Return the lines beginning at the one that contains "Chanel - Square" and continuing to the end of the entries, including both ends, exactly as written and nothing else.

[Opening EXTRACTED ENTRIES section]

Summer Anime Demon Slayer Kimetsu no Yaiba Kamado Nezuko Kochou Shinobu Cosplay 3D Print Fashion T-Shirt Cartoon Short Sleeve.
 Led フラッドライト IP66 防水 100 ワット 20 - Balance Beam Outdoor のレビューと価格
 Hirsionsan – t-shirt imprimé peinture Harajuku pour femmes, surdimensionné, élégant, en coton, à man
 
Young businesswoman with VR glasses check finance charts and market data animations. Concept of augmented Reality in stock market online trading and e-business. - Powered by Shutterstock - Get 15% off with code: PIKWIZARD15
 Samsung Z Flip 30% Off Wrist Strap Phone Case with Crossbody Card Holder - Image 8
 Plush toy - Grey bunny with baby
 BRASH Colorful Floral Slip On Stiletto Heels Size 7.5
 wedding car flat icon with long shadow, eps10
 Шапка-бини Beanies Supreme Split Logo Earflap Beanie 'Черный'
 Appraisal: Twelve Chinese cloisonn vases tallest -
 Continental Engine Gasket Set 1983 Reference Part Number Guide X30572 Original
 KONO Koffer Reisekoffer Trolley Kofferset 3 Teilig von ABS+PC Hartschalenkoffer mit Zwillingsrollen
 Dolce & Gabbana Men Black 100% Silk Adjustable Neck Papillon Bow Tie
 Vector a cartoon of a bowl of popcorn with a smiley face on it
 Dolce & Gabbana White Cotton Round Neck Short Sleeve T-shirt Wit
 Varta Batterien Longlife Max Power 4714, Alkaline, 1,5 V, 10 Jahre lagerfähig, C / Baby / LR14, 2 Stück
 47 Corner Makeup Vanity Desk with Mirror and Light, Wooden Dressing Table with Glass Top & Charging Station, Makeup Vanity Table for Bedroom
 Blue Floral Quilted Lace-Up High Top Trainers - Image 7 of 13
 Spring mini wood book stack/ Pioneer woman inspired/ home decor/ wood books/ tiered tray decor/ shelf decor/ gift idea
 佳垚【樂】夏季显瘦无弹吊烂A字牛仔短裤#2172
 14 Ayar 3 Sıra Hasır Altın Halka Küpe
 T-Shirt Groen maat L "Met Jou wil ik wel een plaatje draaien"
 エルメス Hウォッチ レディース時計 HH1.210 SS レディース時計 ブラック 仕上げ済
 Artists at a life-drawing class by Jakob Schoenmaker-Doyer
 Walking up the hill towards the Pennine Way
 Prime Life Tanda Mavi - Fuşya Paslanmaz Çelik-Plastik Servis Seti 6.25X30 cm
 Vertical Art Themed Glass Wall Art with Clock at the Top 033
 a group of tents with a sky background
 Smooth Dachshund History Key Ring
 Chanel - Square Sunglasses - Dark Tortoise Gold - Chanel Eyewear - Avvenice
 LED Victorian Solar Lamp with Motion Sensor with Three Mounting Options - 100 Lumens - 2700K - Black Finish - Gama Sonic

[Closing EXTRACTED ENTRIES section]

● RESPONSE TO THE EXERCISE:
 Chanel - Square Sunglasses - Dark Tortoise Gold - Chanel Eyewear - Avvenice
 LED Victorian Solar Lamp with Motion Sensor with Three Mounting Options - 100 Lumens - 2700K - Black Finish - Gama Sonic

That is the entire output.